=== Assigned task ===
Among the entries below, one line contains "country, Canada Framed" and another contains "Pug+beagle=puggle Puggle Puppies, Puggle". Transcribe those two lines and every line between them, exactly.

=== Listed records ===

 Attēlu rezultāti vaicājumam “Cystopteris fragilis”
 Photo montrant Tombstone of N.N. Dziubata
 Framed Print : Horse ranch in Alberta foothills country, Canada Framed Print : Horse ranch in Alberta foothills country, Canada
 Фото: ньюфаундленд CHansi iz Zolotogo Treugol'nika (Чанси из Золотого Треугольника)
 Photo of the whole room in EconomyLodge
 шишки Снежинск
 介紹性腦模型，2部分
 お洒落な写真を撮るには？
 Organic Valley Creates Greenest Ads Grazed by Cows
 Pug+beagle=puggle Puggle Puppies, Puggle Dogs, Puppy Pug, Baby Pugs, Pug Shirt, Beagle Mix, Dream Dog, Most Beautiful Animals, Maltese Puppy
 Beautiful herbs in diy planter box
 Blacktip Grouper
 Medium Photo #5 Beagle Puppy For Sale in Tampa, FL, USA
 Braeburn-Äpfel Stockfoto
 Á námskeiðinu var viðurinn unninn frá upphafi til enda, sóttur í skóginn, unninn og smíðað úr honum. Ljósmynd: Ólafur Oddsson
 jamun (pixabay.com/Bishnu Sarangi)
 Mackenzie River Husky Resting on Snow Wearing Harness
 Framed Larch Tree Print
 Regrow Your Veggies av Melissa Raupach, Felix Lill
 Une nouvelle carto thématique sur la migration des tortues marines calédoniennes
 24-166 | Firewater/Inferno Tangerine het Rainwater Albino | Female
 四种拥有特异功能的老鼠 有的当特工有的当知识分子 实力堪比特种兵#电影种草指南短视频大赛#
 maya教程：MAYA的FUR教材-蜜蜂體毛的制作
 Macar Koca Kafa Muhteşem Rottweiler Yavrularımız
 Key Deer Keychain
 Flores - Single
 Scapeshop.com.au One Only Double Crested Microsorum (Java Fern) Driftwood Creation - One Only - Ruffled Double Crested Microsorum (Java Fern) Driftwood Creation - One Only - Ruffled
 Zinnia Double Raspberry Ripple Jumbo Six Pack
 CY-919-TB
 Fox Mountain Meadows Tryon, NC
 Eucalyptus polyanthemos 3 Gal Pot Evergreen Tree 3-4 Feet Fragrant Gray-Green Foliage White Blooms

=== Solution for this task ===
 Framed Print : Horse ranch in Alberta foothills country, Canada Framed Print : Horse ranch in Alberta foothills country, Canada
 Фото: ньюфаундленд CHansi iz Zolotogo Treugol'nika (Чанси из Золотого Треугольника)
 Photo of the whole room in EconomyLodge
 шишки Снежинск
 介紹性腦模型，2部分
 お洒落な写真を撮るには？
 Organic Valley Creates Greenest Ads Grazed by Cows
 Pug+beagle=puggle Puggle Puppies, Puggle Dogs, Puppy Pug, Baby Pugs, Pug Shirt, Beagle Mix, Dream Dog, Most Beautiful Animals, Maltese Puppy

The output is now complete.